A video costume-play demo of an ancient Roman multitool

Sunday 6th July, 2025 - Bruce Sterling

*It’s nice to see one of those modern replicas treated in this hands-on fashion. I’ve often wondered if I should own one, just to encourage the trade. The modern replicas cost about as much as a modern Leatherman Arc.

Screenshot

*As our Youtuber suggests, this gadget might have been a Roman military tool because (a) the “Swiss Army Knife” originated as a military tool and (b) most every man in Roman life was in the military at some time or another.

*But it’s silver, and it’s dainty, and it just doesn’t look very milspec. They can’t have been common military general-issue devices (because there is only one known in the world). I’m thinking that a lone officer using this fancy gadget in a camp mess would be ridiculed.

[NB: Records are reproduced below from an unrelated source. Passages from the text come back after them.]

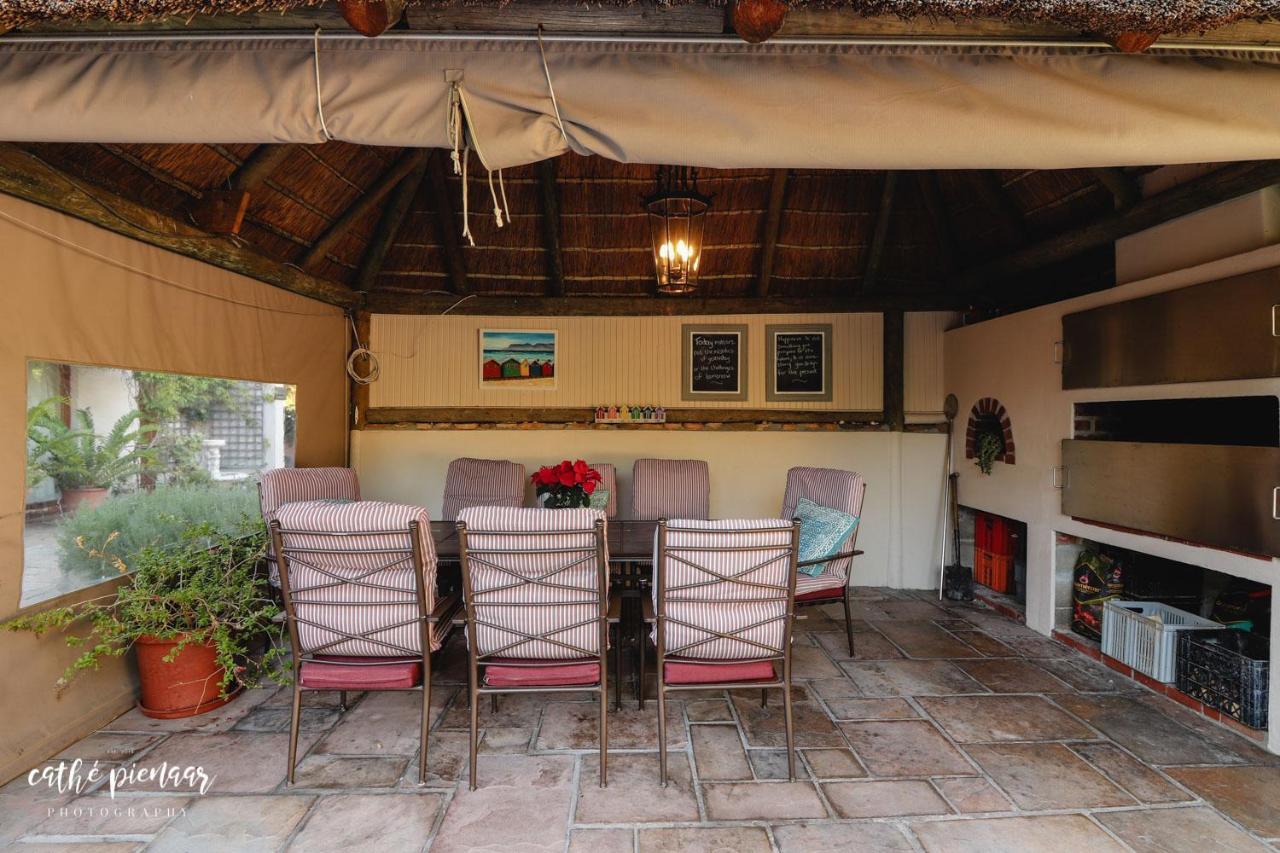 A Tuscan Villa Guest House 피시후크 외부 사진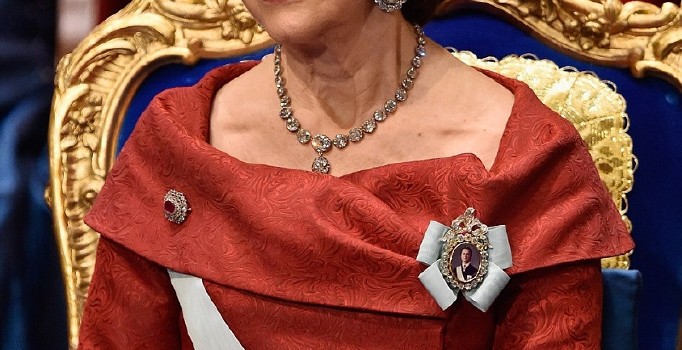 İsveç Kraliçesi Silvia: Sarayımda hayaletler var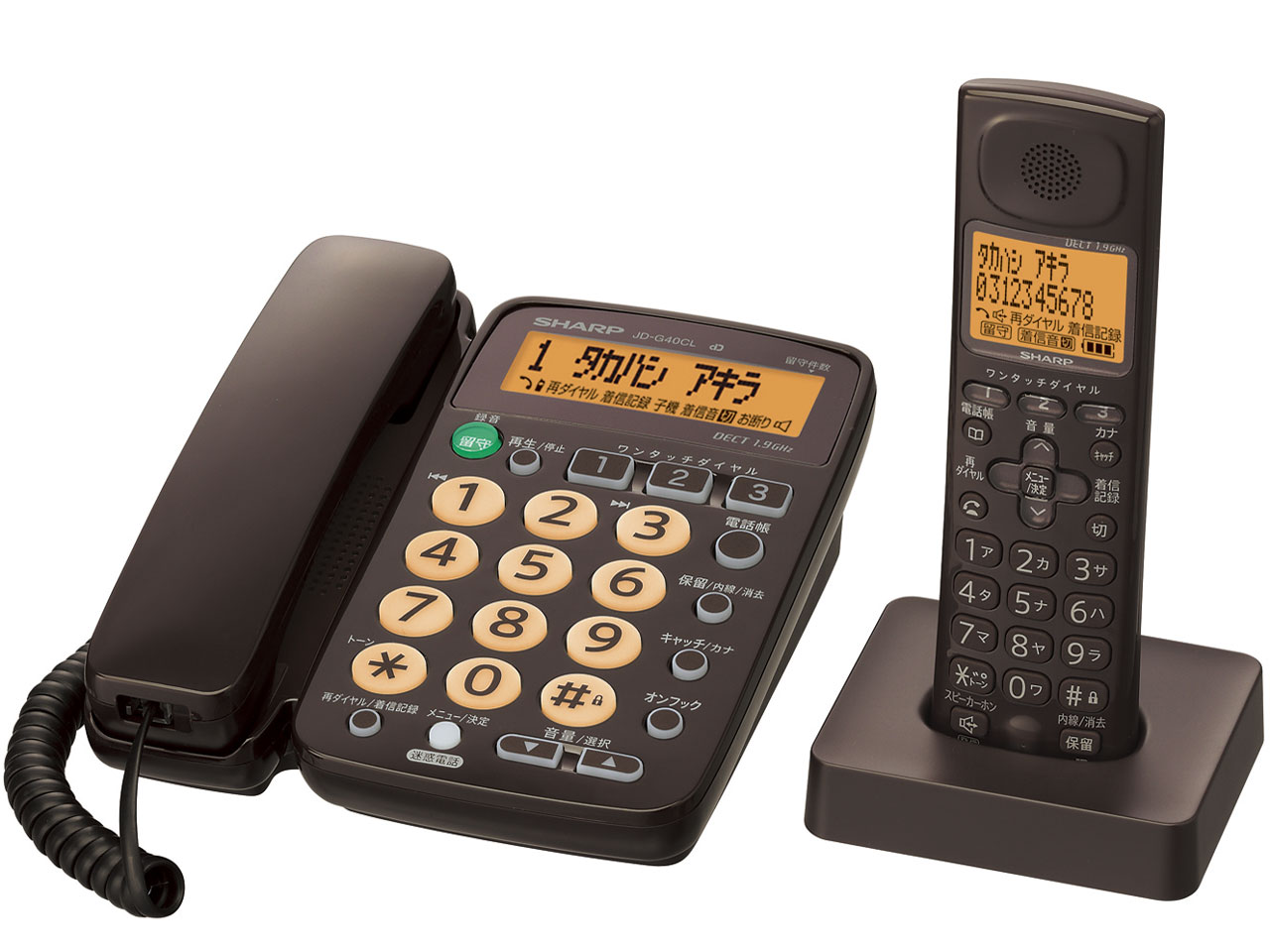 JD-G40CL-T [�u���E���n] �̐��i�摜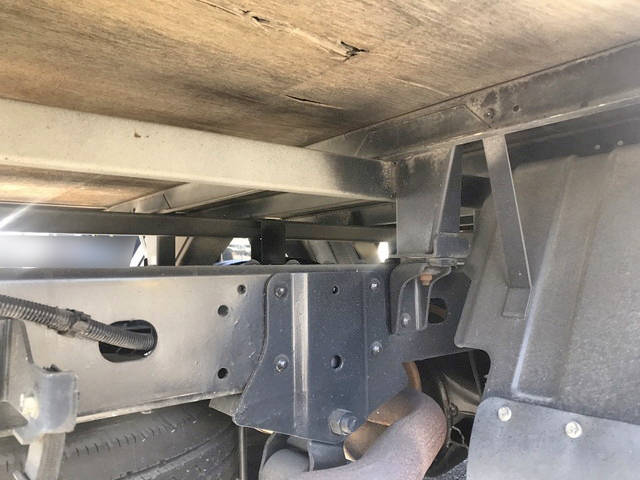 日産アトラスダブルキャブ（Wキャブ）小型（2t・3t）[写真14]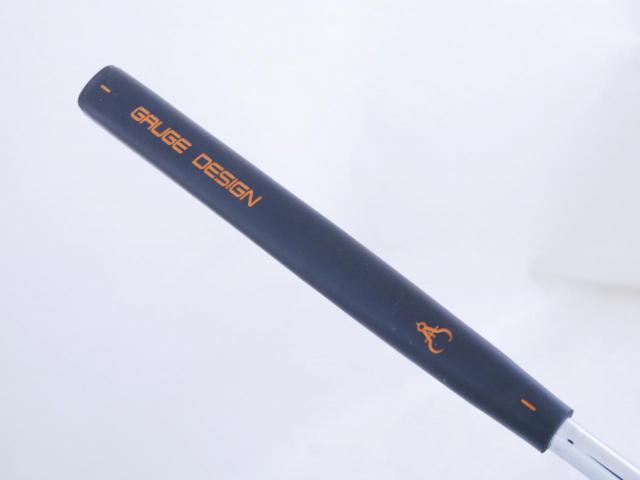 Putter : All : พัตเตอร์ Gauge Design SS303 ยาว 34 นิ้ว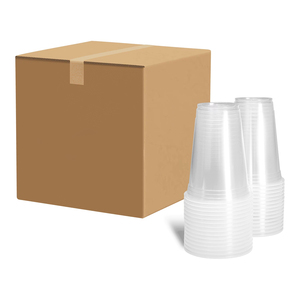 Vaso de Vidrio Desechable Resistente, Hecho en Pakistán, Alta Calidad, OEM ODM, Suministro al por Mayor, Fácil de Limpiar - Product Image 4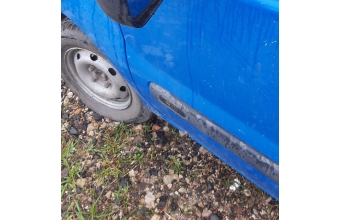 renault kangoo çıkma sol ön jant lastik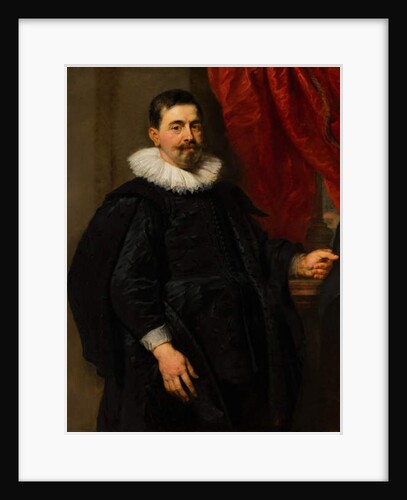 Portrait of a Man, c.1630 by Peter Paul Rubens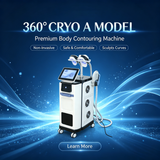 KuAn Technology 360 Multifunctional Cryolipolysis Device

*The wax-stylus theory is interesting. It suggests some kind of travelling aristocrat-bureaucrat. A fine imperial functionary-overseer who is here today, gone tomorrow, but anxious to impress the rubes with his finicky distinctions, his table manners and his personal grooming, while also keeping careful tabs of the grain shipments and the tax receipts.

*Togas lacked pockets, so I have to wonder how a tool of this kind was carried. It can’t be left in the horse’s saddlebags, so it has to be every-day-carry kept on the user’s person, but how? In some slung fabric pouch together with the wax tablet, maybe.

*It must have meant something to him because it appears that the owner was buried with it.